Nous partons pour Khatgal, village sur les bords de l’incroyable lac de Khövsgöl. Souvent considéré comme le petit frère du lac Baïkal, qui ne se trouve pas très loin, il est sacré pour les différentes communautés de la région. N’allez surtout pas uriner dans ses eaux, sous peine de gros problème!


L'hiver, la glace qui se forme sur le lac Khövsgöl permet aux véhicules de se déplacer très facilement.

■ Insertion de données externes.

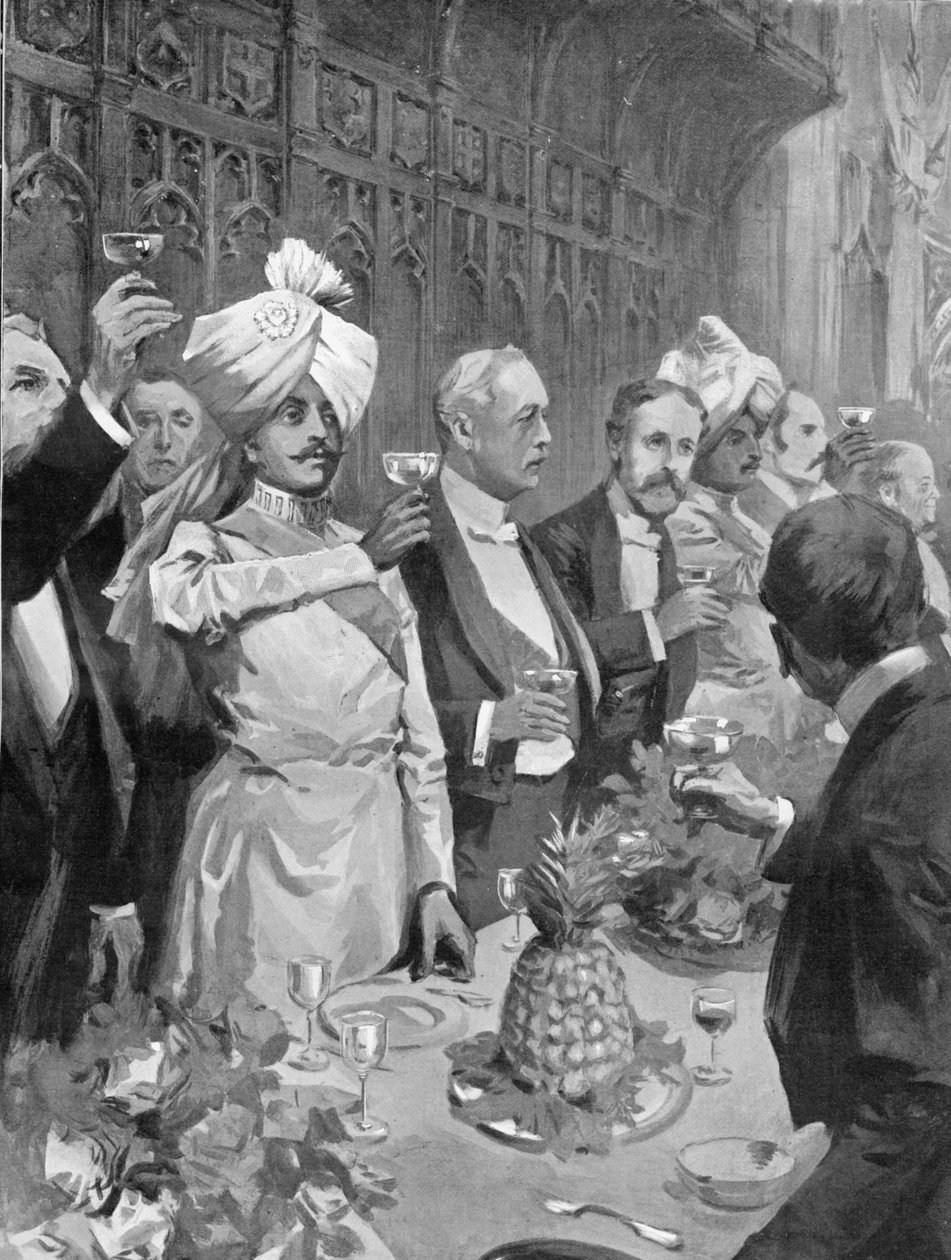 O banquete de coroação do Império no Guildhall, ilustração de &39;The Graphic&39; 19 de julho de 1902 de William T. Maud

Il est surnommé «la perle bleue de Mongolie», et je comprends vite pourquoi. Sa beauté est à couper le souffle! Il est entièrement recouvert de glace et le chauffeur n’hésite pas à s’engager avec sa voiture comme si c’était une route principale. Lorsqu’il s’arrête et que je pose mes pieds sur le sol, cela devient encore plus surréaliste. La glace est si transparente que j’ai le sentiment que je vais tomber au fond du lac! Il doit y avoir au moins dix mètres de profondeur, j’aperçois les pierres qui jonchent le sol. Arabesques et tracés formés par les fissures embellissent d’autant plus ce lieu inspiré.

L’hiver, il s’agit bel et bien d’une route très utilisée par les véhicules, qui gagnent ainsi de nombreuses heures en fonçant tout droit. Mais n’allez pas croire que cela soit aussi simple. Sous la pression de la glace qui se développe et se casse, se forment de dangereuses barrières de mini-icebergs difficiles à apercevoir. Il y a aussi beaucoup de neige recouvrant la surface et estompant les reliefs. S’en prendre un peut, au mieux, vous faire crever un pneu, au pire vous embarquer pour quelques tonneaux. Les nombreuses rafales de vent obligent également les véhicules à des figures artistiques dignes d’un mauvais patineur! Nous roulerons sur le lac plus de cent kilomètres.


Sur le lac Khövsgöl, sous la pression, la glace qui se rompt forme de dangereuses barrières de petits icebergs que les véhicules doivent éviter à tout prix.

Il y a aussi cette halte chez des nomades qui nous accueillent pour un repas. Ils ont installé leur yourte à côté des enclos fabriqués pour leur bétail et ils passent l’hiver à cet endroit avant de partir avec leurs vaches, yaks et chevaux pour d’autres pâturages. Nous avalons quelques traditionnels buuz, raviolis à la viande cuits à la vapeur, et buvons plusieurs bols de thé au lait salé, puis il est déjà temps de s’occuper des animaux. J’assiste Monkhjin et Tuul, les filles, qui vont abreuver les petits veaux, et je contemple Ulaanaa, le père, fier sur son cheval, enseigner à sa fille cadette comment encercler le troupeau de yaks.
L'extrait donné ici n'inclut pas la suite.